Informal Marriage in Texas
Informal marriage, commonly known as “common-law marriage”, is a marriage without the formality of a state-issued marriage license or participation in a marriage ceremony. Under Texas law, a common law marriage union happens when 3 elements are met:
- The couple agree to be married;
- The couple live together in Texas;
- The couple “hold out” or let the public know there are married.
If a couple satisfies these elements, they have a common-law marriage with all the same trappings of licensed marriages, including inheritance and divorce rights. Although, in the case of a divorce, a court must first establish the couple was married informally in the first place.
When entering an informal marriage, since an informal marriage IS a marriage, all the same requirements to make the informal marriage valid are needed just as a licensed marriage. For example, as with a licensed marriage, informal marriage participants can’t be too close in familial relationship (i.e., you can’t marry your sister under informal marriage), and parties must be of valid age and must consent (i.e., no child brides under informal marriage).
Do you have a common law marriage?
Many people in cohabiting relationships assume they have a common law marriage because they believe they satisfy the 3 elements for informal marriage: agree to be married, live together, and hold out publicly that they are married. However, a shock sometimes comes when one partner reveals they were never informally married, nor intended to be. This has big consequences for both parties. When a long term cohabiting relationship breaks down and the parties do not agree on whether there was an informal marriage, it will be up to the party claiming there was an informal marriage to prove it existed and have it declared so by a court. One reason a party may want such as declaration is to take advantage of divorce laws and to protect their interests.
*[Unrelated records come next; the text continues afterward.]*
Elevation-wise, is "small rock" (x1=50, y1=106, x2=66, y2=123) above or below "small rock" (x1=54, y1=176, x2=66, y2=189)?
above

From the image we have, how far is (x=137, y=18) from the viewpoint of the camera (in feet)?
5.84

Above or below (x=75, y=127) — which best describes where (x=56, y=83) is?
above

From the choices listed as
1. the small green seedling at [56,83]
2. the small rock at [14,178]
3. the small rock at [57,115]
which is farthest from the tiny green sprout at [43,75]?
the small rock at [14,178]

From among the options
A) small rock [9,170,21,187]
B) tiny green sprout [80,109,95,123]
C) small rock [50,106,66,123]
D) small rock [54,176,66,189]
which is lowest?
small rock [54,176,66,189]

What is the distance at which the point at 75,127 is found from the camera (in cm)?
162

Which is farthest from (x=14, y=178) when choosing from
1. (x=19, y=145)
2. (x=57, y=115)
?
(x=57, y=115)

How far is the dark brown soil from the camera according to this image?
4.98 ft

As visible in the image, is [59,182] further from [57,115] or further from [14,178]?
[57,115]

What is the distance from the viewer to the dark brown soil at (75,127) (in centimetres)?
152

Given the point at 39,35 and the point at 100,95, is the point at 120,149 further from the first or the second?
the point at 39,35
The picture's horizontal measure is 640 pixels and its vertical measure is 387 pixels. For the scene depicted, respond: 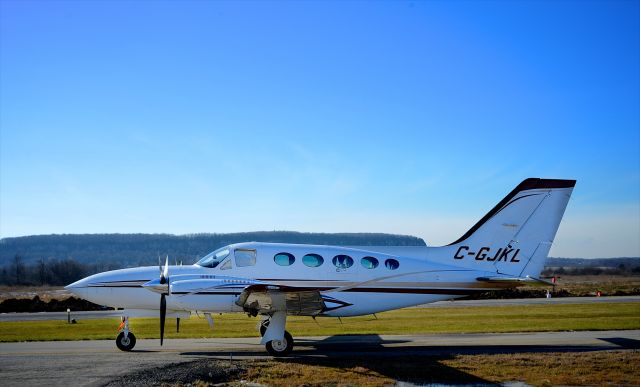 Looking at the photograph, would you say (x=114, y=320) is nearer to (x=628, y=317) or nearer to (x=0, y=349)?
(x=0, y=349)

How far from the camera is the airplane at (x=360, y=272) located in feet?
52.0

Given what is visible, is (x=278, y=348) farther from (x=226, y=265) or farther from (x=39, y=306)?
(x=39, y=306)

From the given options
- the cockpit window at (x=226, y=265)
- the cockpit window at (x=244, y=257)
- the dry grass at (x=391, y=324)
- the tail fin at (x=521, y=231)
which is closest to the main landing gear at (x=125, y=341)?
the cockpit window at (x=226, y=265)

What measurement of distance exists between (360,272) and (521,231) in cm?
526

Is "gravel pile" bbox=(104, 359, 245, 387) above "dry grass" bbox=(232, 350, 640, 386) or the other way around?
above

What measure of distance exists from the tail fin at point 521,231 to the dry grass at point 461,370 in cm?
360

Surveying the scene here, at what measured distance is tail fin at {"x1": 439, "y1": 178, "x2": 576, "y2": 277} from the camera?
56.5 ft

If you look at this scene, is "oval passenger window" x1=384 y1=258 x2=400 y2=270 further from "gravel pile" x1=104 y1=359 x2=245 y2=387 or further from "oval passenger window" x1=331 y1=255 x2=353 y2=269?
"gravel pile" x1=104 y1=359 x2=245 y2=387

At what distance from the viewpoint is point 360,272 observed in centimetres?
1683

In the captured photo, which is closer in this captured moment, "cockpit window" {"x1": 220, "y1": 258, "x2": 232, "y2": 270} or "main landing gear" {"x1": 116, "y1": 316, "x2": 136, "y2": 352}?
"main landing gear" {"x1": 116, "y1": 316, "x2": 136, "y2": 352}

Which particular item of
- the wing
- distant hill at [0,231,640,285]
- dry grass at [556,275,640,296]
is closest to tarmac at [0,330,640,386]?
the wing

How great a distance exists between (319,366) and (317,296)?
1946 millimetres

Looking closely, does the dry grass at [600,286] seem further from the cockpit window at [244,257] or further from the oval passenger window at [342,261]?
the cockpit window at [244,257]

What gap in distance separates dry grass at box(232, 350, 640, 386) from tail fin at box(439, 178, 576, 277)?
11.8ft
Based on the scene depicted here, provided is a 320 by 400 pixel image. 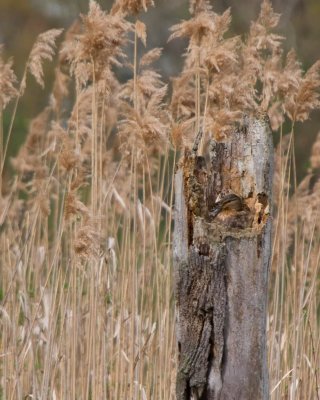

Proving Informal Marriage Requirements
The problem of proving an informal marriage usually arises with proving each of the 3 elements.
- Did you two truly agree to be married?
- Both parties must agree. Can you prove an agreement? Was it recorded? Did she write her agreement down? Did he give her a ring inscribed with “yours forever my bride”?
- Did you two truly live together in Texas as spouses?
- Both parties must live together. Did you really live together within this state or just lived in separate residences? Did you sign a lease together? Buy a home together? Pay bills or mix your money together?
- Did you two truly hold out and let the public know you were spouses?
- Does she go by Mrs.? Did he introduce you as “his wife” to family, friends, and strangers? Did you do things as a couple/as a family in the community? Attend marriage counseling together?
A party unable to prove she and her partner had an informal marriage does not have an informal marriage. Unless the other party agrees there is an informal marriage, there is not one.
Note that in the State of Florida, where I am also licensed to practice law, there is no longer such a thing as “common law marriage” under the law. Since 1968, you are either married with a valid state issued marriage license, or you’re not married at all. Very simple! In Texas and in other states where common law marriage is legal, cohabiting parties without marriage licenses should know their rights. More importantly, they should know their “spouse.” Lastly, if the risk of a “declaration of informal marriage” lawsuit is too much to bear, get a marriage license. Parties with questions on common law marriage should seek out a competent attorney on the topic.